La cacciata dal carcere

di Jonathan Terino,
pastore valdese Biella.


Dal mese di ottobre del 2000, dopo insistenti domande, ho ottenuto dalla Direzione del carcere (allora provvisoria) di poter celebrare in maniera sobria ed informale due culti settimanali, uno di lunedì alle 10.30 con i detenuti "per reati sessuali" e l'altro di mercoledì alle 13.30 con i "comuni". Oltre ai culti (della durata di circa un'ora) mi fermavo a parlare con i detenuti che desideravano un colloquio. Non essendomi stata concessa la cappella del carcere - che io ritenevo parte dell'istituzione civile e laica - per un veto esplicito del generale dei cappellani, mi è stata invece assegnata una stanzetta ristretta al piano terra, che io sono stato ben felice di utilizzare ufficialmente per la celebrazione dei culti valdesi, allestendo dei poster e una tavola per la santa cena (vedi l'articolo comparso su Riforma del 13 aprile 2001); perciò era anche la stanza dei colloqui del ministro valdese. Mi veniva, però, proibita la celebrazione dei culti di domenica. Ogni lunedì salivo al piano di sopra (sempre scortato da un agente) per visitare due detenuti "speciali", accusati di eco terrorismo e altri reati politici.

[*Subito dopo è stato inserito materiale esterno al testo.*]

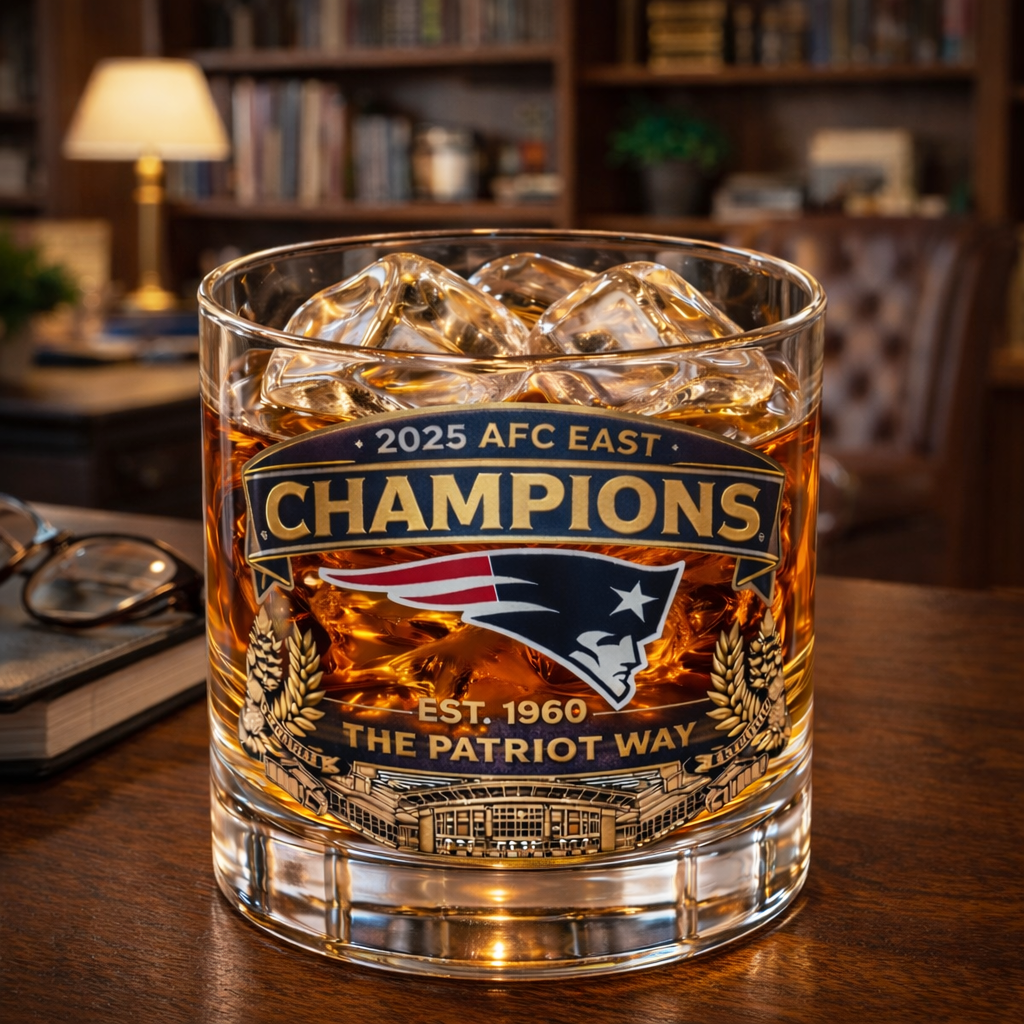 Patriots 2025 AFC East champs wine glasses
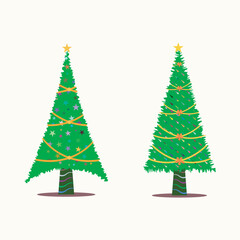 Christmas Trees Vector Illustration Art– Decorated Festive Holiday Pine Trees Set Winter New Year Decorations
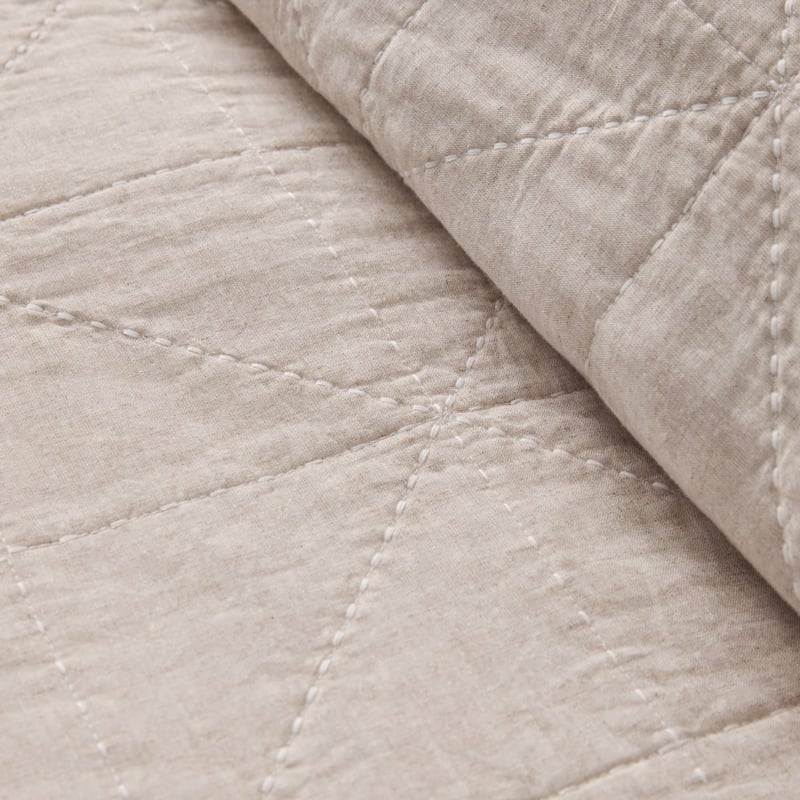 Como Natural & White Quilted Quilt Cover Separates 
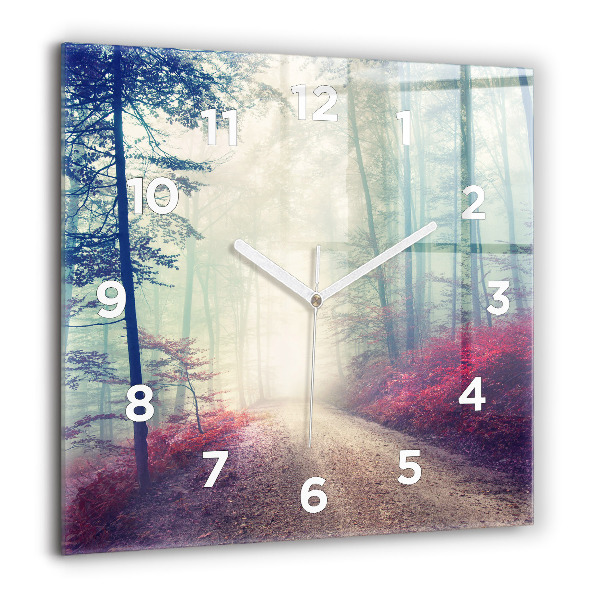 Square glass wall clock Autumn road Forest Fog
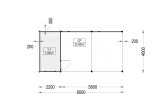 Cochera de madera con cobertizo MODERN, 8x4 m specification 1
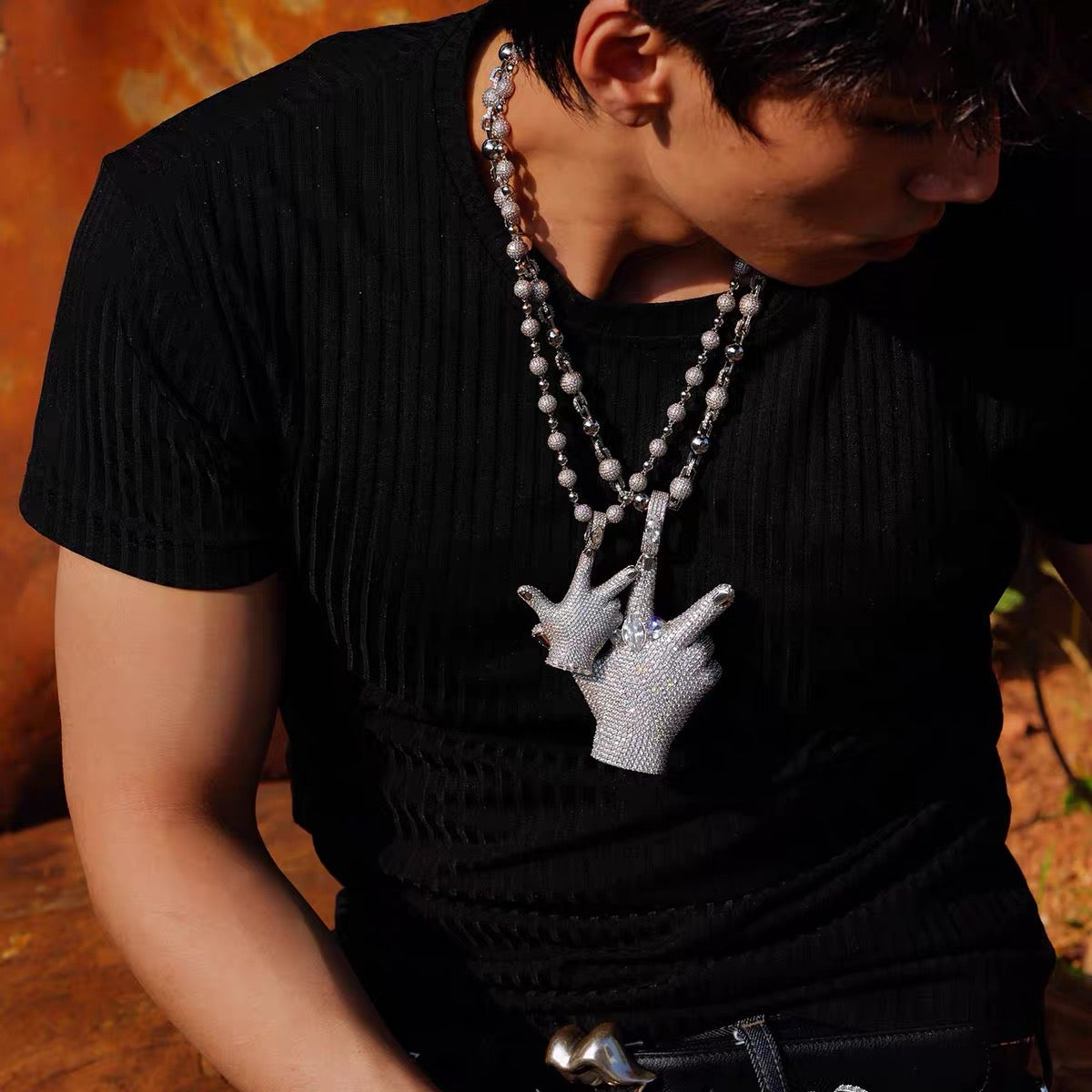 Custom fully iced Playboi Carti YVL Hand Sign Pendant - Small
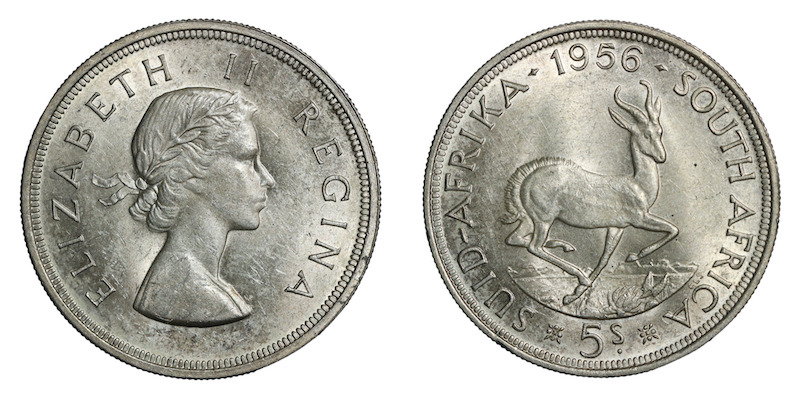 South africa five shillings 1956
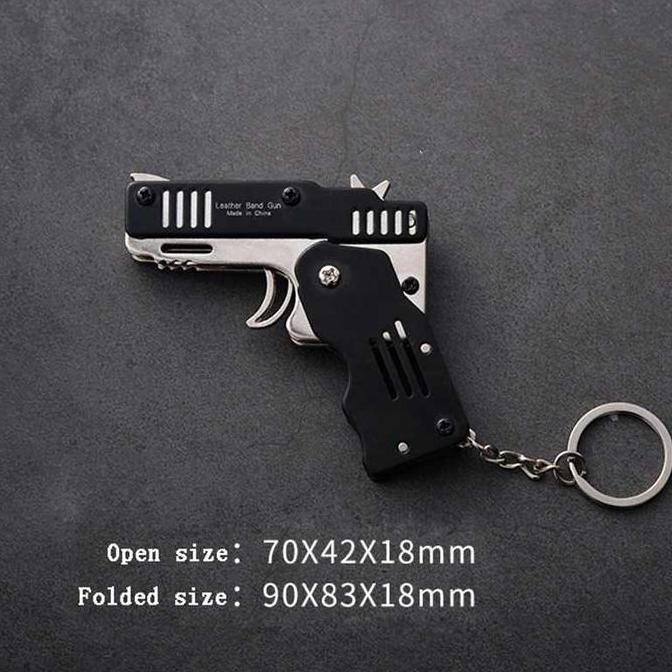 Mainan Pistol Karet Gelang Foldable Rubber Band Gun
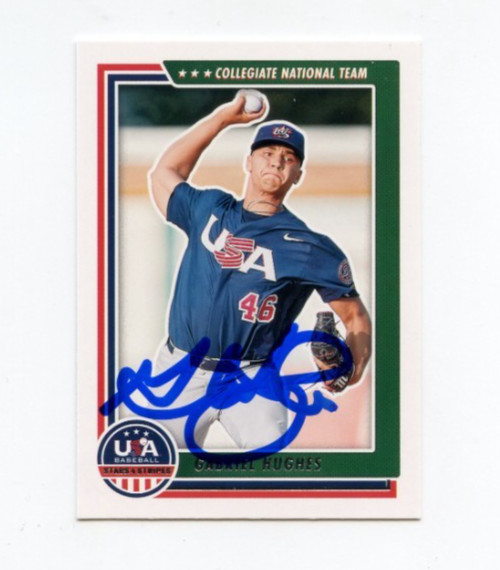 GABRIEL HUGHES SIGNED 2022 USA BASEBALL STARS & STRIPES CARD AUTO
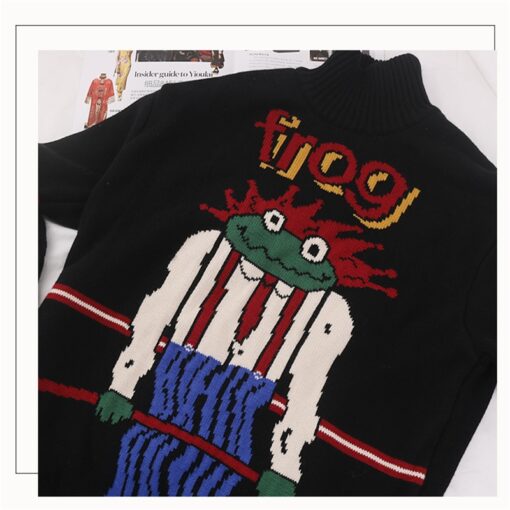 Frog Cool Cartoonish Embroidery Knitted Sweater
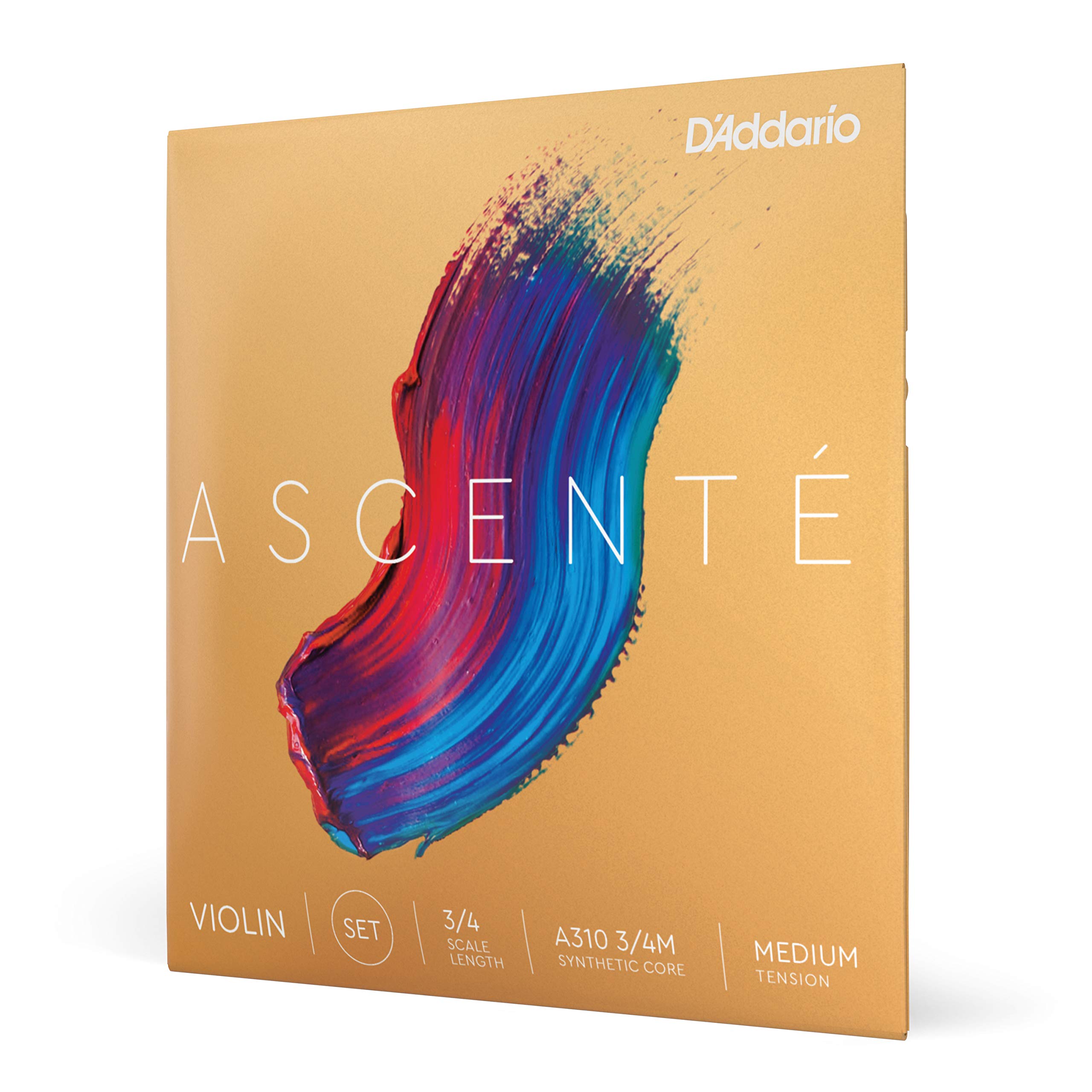 D'Addario Ascente Violin Strings - Violin Strings with Ball Ends, Synthetic Core - A310 3/4M - Full Set - 3/4 Scale - Medium Tension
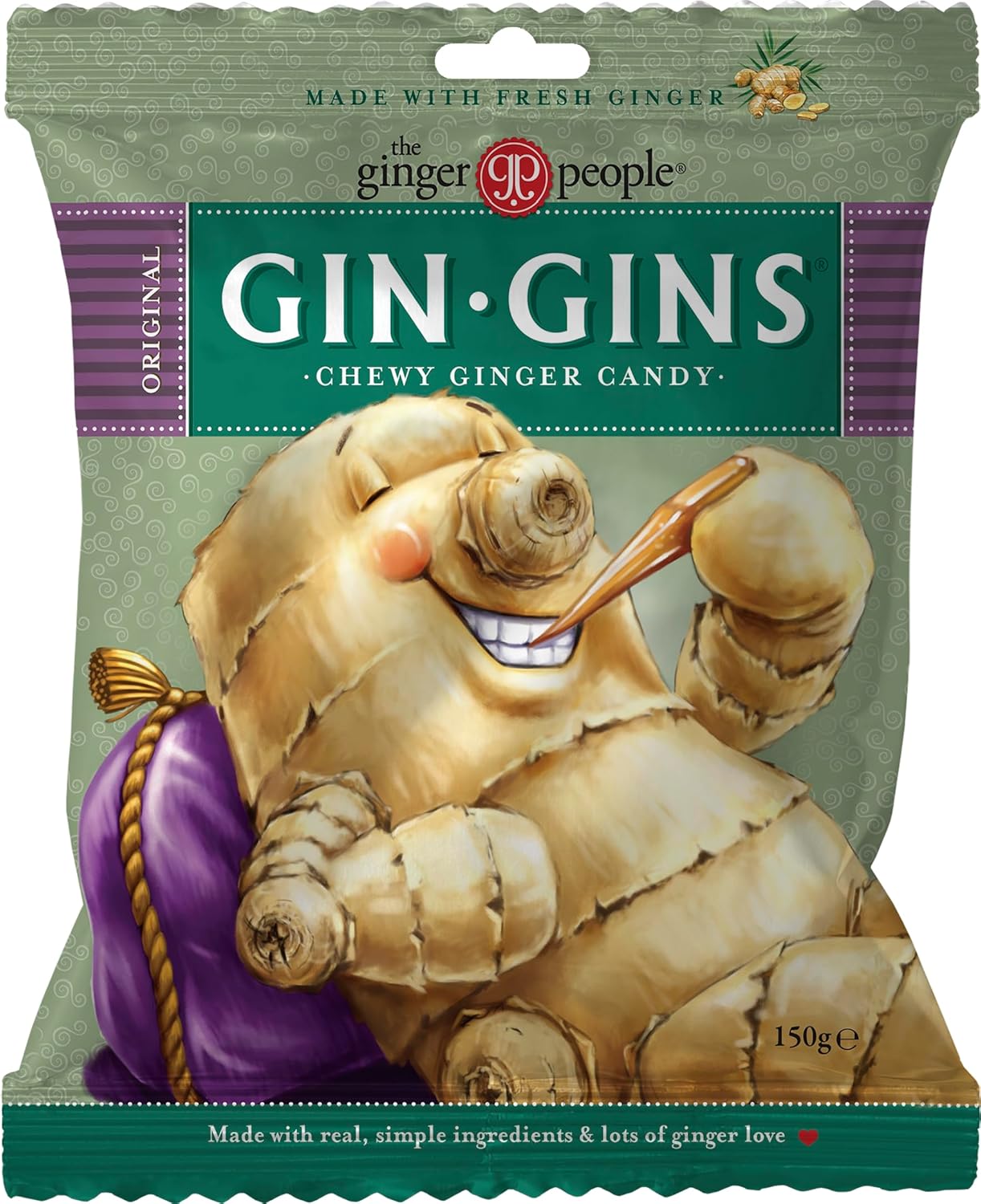 The Ginger People The Ginger People Gin Gin Original Chewy Candy Bag 150 g, Pack of 1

Oggi le cose sono cambiate. E' mercoledì 20 giugno, sono le 13.30. Per affrettare i tempi d'ingresso, decido di lasciare in macchina la borsa e portare con me solo la Bibbia, il pane per la Santa Cena e l'agenda. A differenza del cappellano, che gode di particolari poteri di mediazione e di trasporto, vengo sempre ispezionato. Devo spesso giustificare il pane e il vino, ingredienti tanto comuni e poco liturgici da solleticare un sorriso beffardo sulle labbra di qualche agente. Tempo fa, prima di poter consegnare una scatola di matite colorate ad un detenuto, ho dovuto attendere il permesso firmato e timbrato dalla direzione.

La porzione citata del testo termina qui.